• _Aim of the task_
Please copy, exactly as they appear below, the lines from the one containing "批发复古小香风格子<b cl" through the one containing "US SOUTHCOM Commander".

• _Data_
▼
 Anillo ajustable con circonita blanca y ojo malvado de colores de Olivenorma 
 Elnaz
▲
▼
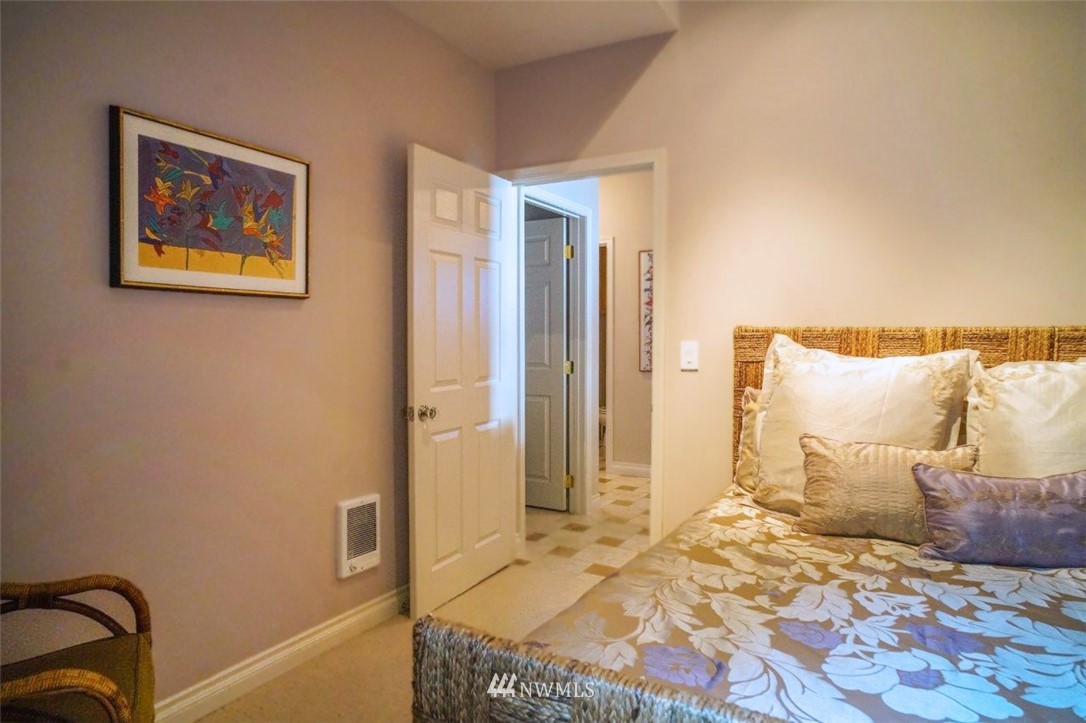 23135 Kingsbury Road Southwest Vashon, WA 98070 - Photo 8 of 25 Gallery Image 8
▲
▼
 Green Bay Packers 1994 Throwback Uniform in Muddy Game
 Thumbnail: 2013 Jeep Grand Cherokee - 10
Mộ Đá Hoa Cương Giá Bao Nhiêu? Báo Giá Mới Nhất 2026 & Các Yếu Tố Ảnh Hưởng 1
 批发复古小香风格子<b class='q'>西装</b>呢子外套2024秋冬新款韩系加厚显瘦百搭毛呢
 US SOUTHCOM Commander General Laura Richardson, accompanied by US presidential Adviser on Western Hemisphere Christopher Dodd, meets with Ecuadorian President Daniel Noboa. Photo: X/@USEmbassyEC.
▲
• _Written solution_
 批发复古小香风格子<b class='q'>西装</b>呢子外套2024秋冬新款韩系加厚显瘦百搭毛呢
 US SOUTHCOM Commander General Laura Richardson, accompanied by US presidential Adviser on Western Hemisphere Christopher Dodd, meets with Ecuadorian President Daniel Noboa. Photo: X/@USEmbassyEC.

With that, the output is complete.